Mit einem taktischen Fahrzeug betritt die New Yorker Polizei eine obere Etage der Hamilton Hall auf dem Campus der Columbia University in New York, nachdem das Gebäude zuvor von Demonstranten besetzt worden war.
Mit einem taktischen Fahrzeug betritt die New Yorker Polizei eine obere Etage der Hamilton Hall auf dem Campus der Columbia University in New York, nachdem das Gebäude zuvor von Demonstranten besetzt worden war. © FR61802 AP

In der Nacht zu Donnerstag ging die Polizei auch gegen ein Zeltlager auf dem Campus der UCLA in Los Angeles vor. Über Stunden standen sich Demonstrierende und Polizei gegenüber. Schließlich räumte die Polizei das Lager in den frühen Morgenstunden. Die Beamten rissen aufgestellte Barrikaden nieder. US-Medien berichteten von mehr als 100 Festnahmen. Videos zeigten Rangeleien zwischen Polizei und Demonstranten.

Die Behörden hatten das Camp auf dem UCLA-Gelände am Mittwochabend (Ortszeit) als "rechtswidrige Versammlung" eingestuft. Um das verbarrikadierte Zeltlager hatten sich nach Angaben der "Los Angeles Times" in der Folge mehrere Tausend Protestierende eingefunden, die sich den Einsatzkräften entgegenstellten und sie zunächst von dem Camp zurückgedrängt hatten. Schon in der vorangegangenen Nacht war es zu Gewalt gekommen, als Anhänger der Gegenseite versucht hatten, das Protestcamp einzureißen.

Biden: Gewalt ist kein friedlicher Protest

Biden fand kurz nach der Räumung deutliche Worte. Der 81-Jährige steht wegen seiner Unterstützung für Israels Militäreinsatz gegen die islamistische Hamas im Gazastreifen in den USA unter Druck. Er machte deutlich, dass es für Antisemitismus oder Gewaltandrohungen gegen jüdische Studenten keinen Raum geben dürfe. Das gelte auch für Islamophobie.

Er betonte zudem, dass Gewalt, Vandalismus oder Hausfriedensbruch kein friedlicher Protest seien. "Menschen zu bedrohen, einzuschüchtern, Menschen Angst einzujagen ist kein friedlicher Protest. Es ist gegen das Gesetz." Auf die Frage der Presse, ob sich die Nationalgarde einschalten sollte, sagte Biden: "Nein." Dieselbe Antwort gab der Demokrat auf die Frage, ob ihn die Proteste dazu veranlassten, seine Nahost-Politik zu überdenken.

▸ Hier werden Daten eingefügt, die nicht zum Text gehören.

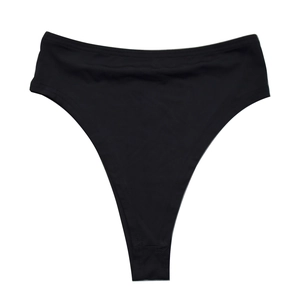 Detailansicht der schwarzen High-Waist-Bikinihose mit hohem Beinausschnitt und sauberen Nähten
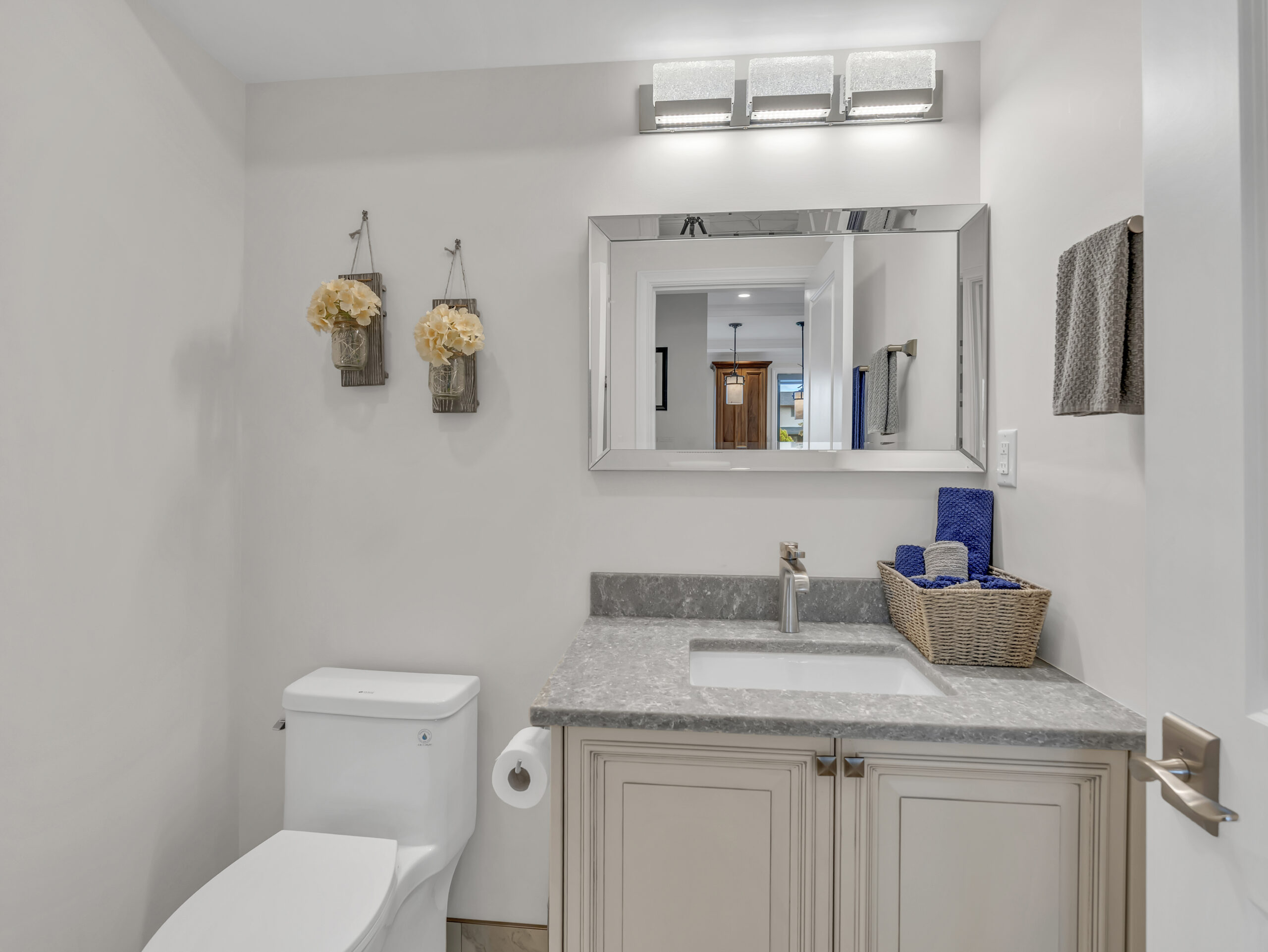 146 Yorkton Avenue Penticton V2A 3V2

Kritiker werfen insbesondere dem radikalen Teil der Protestbewegung Antisemitismus und die Verharmlosung der Hamas vor - die Islamistenorganisation spricht Israel das Existenzrecht ab und hat den Gaza-Krieg mit einem beispiellosen Massaker am 7. Oktober ausgelöst. Ihnen gegenüber stehen vielerorts Proteste, die sich mit der israelischen Seite solidarisieren und eine Freilassung der von der Hamas noch immer gefangen gehaltenen Geiseln fordern. Antisemitische Taten waren seit dem 7. Oktober an den Universitäten angestiegen. Islamophobe Übergriffe ebenfalls.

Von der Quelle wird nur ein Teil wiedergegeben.